■ **WHAT TO WORK ON**
Write out the data below in full, unchanged, minus the images.

■ **Entries taken from a collection**
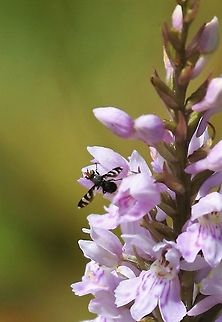 Picture-winged Fly Picture-winged Fly on Heath Spotted Orchid Herina frondescentiae,Minera Quarry,North Wales,Picture-Winged Fly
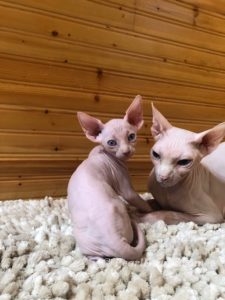 hypoallergenic kittens, hypoallergenic cats, sphynx kittens, hairless kittens - Pearlhearts Sphynx Cattery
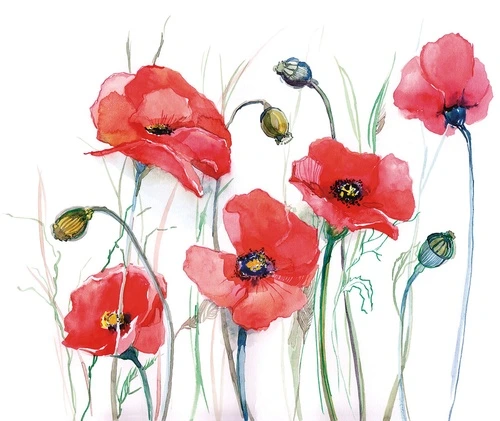 цветы, маки, красная, на белом фоне, акварель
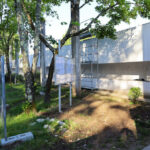 Eduardo Souto de Moura’s Mercado Municipal de Braga reconversion showcasing concrete walkways, landscaped backyard with woody plants and shaded branches.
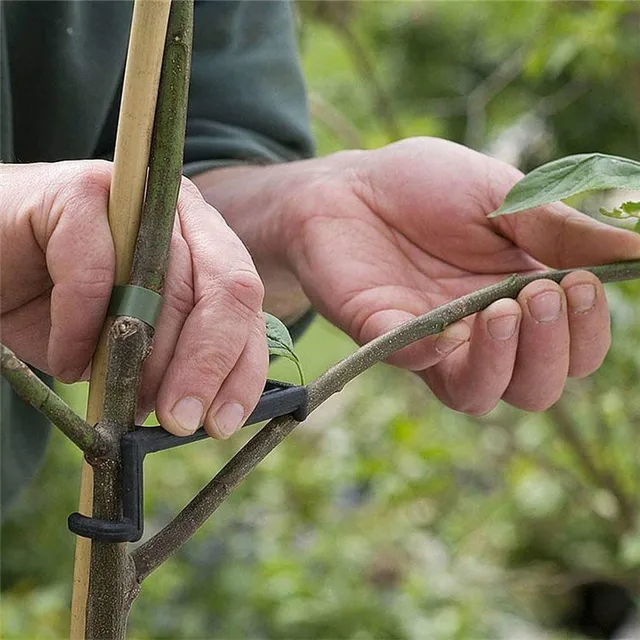 100Db Gyümölcsfa Ágak Tartó Gyümölcsök Ág Szóró Fa Támogatása Támogatja A Bonsai Szerszámokat Az Udvarra - Image 5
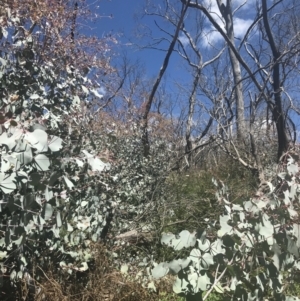 Eucalyptus rubida subsp. rubida at Namadgi National Park - 17 Oct 2021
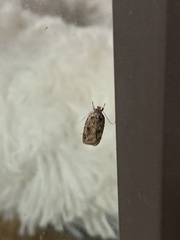 Agonopterix pulvipennella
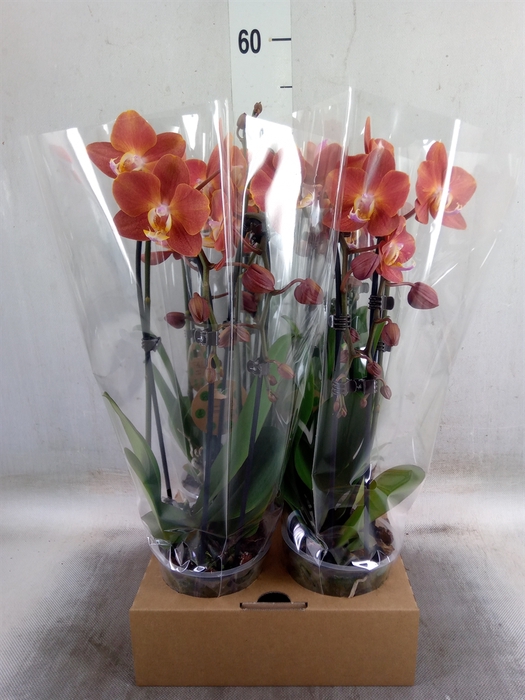 <h4>Phalaenopsis  'Elegant Cascade'</h4>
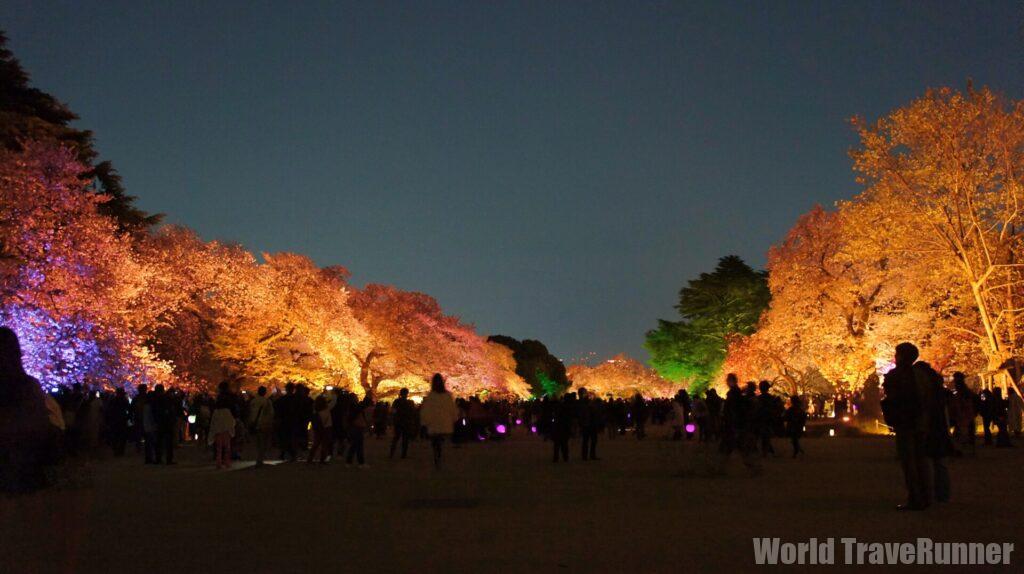 花筏 東京の桜花見】七変化：NAKED桜の新宿御苑、千鳥ヶ淵の花筏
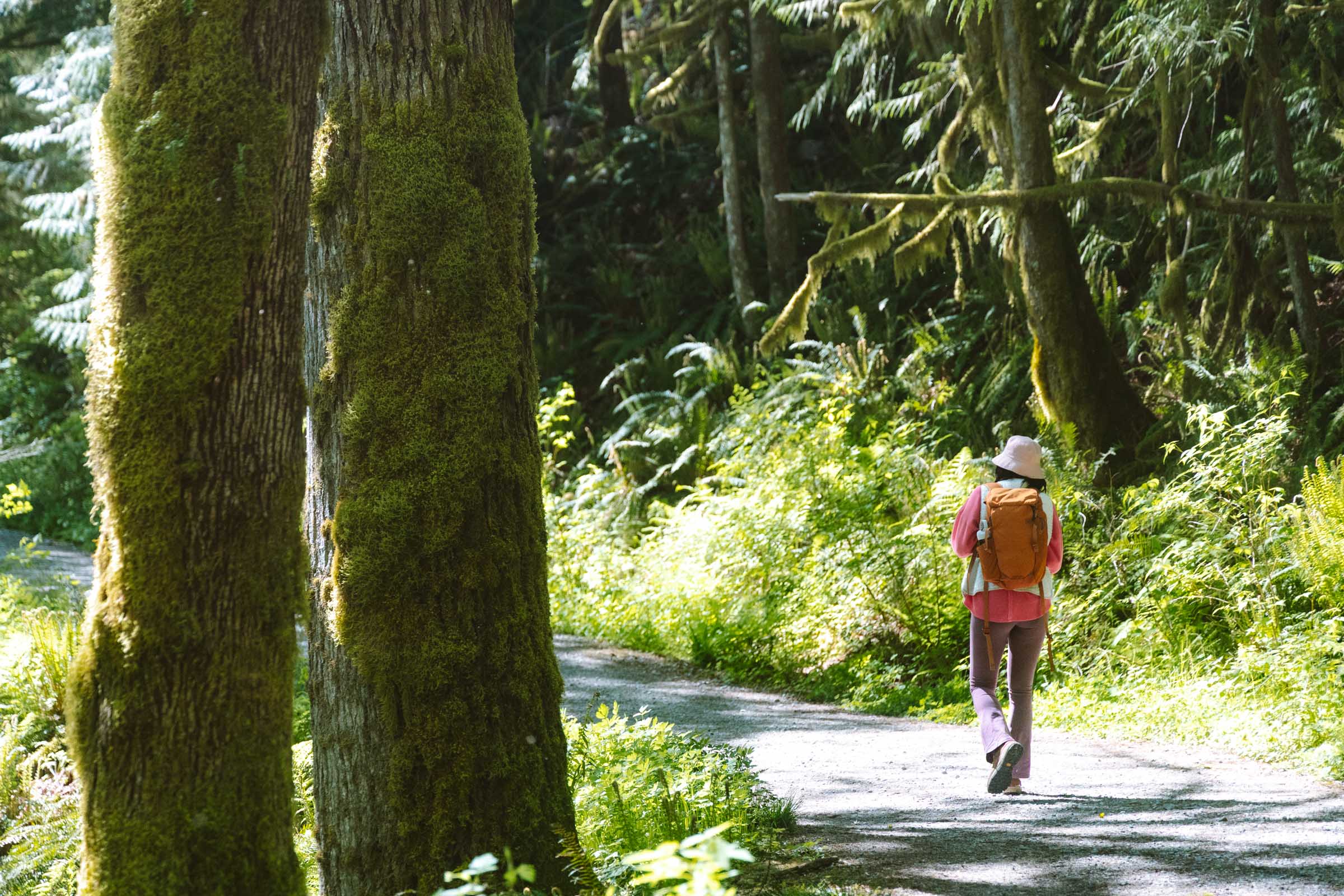 Old road to Bridal Veil Falls trail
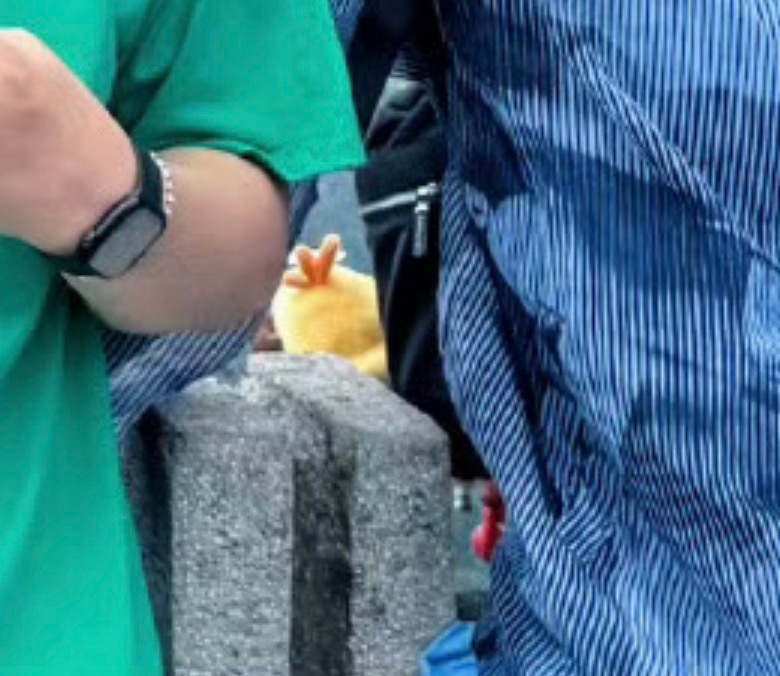 宝宝是不是挂着我们的泳圈🐥啊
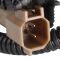 Wheel Bearing & Hub Assembly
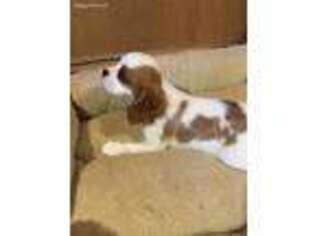 Cavalier King Charles Spaniel Puppy for sale in Scottsville, VA, USA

■ **SOLVED EXERCISE**
 Picture-winged Fly Picture-winged Fly on Heath Spotted Orchid Herina frondescentiae,Minera Quarry,North Wales,Picture-Winged Fly
 hypoallergenic kittens, hypoallergenic cats, sphynx kittens, hairless kittens - Pearlhearts Sphynx Cattery
 цветы, маки, красная, на белом фоне, акварель
 Eduardo Souto de Moura’s Mercado Municipal de Braga reconversion showcasing concrete walkways, landscaped backyard with woody plants and shaded branches.
 100Db Gyümölcsfa Ágak Tartó Gyümölcsök Ág Szóró Fa Támogatása Támogatja A Bonsai Szerszámokat Az Udvarra - Image 5
 Eucalyptus rubida subsp. rubida at Namadgi National Park - 17 Oct 2021
 Agonopterix pulvipennella
 <h4>Phalaenopsis  'Elegant Cascade'</h4>
 花筏 東京の桜花見】七変化：NAKED桜の新宿御苑、千鳥ヶ淵の花筏
 Old road to Bridal Veil Falls trail
 宝宝是不是挂着我们的泳圈🐥啊
 Wheel Bearing & Hub Assembly
 Cavalier King Charles Spaniel Puppy for sale in Scottsville, VA, USA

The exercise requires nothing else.